Patients were stratified according to clinical risk of relapse, based on the National Cancer Institute (NCI) risk criteria,11 7-day prednisone response (poor prednisone response was defined as ≥ 1 × 109/L blasts in peripheral blood on day 8), Day 15 and Day 33 BM response and cytogenetic subtypes. Standard risk (SR) patients with M3 marrow (≥ 25% blast) on Day 15 would be upstaged to intermediate risk (IR), and IR with M3 marrow would be upstaged to high risk (HR).
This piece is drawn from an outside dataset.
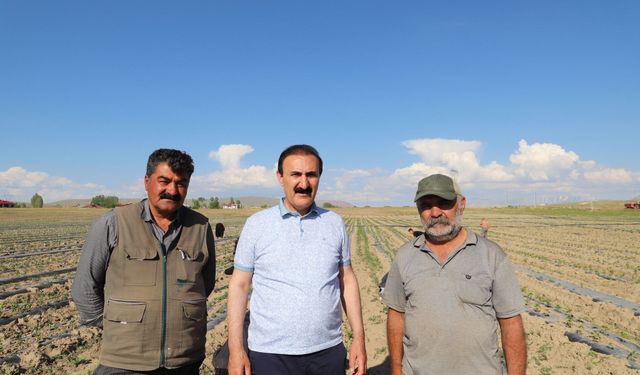 Nayif Süer’den Gevaş’ta tarım mesaisi: “Üreticinin en büyük sorunu pazar”
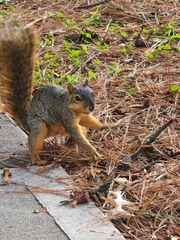 Sciurus niger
Minimal residual disease (MRD) was piloted at Beijing Children's Hospital and Hong Kong. BM was tested for MRD on Day 33 and Week 12 of treatment by Flow cytometry and/or PCR quantitative method for immunoglobulin and T-cell receptor antigen gene rearrangements.12, 13 The required sensitivity and quantitative range of MRD testing was 0.01%. SR patients with Day 33 MRD ≥ 0.01% and < 1% were upstaged to IR, and patients with Day 33 MRD ≥ 1% or Week 12 MRD ≥ 0.1% were upstaged to HR.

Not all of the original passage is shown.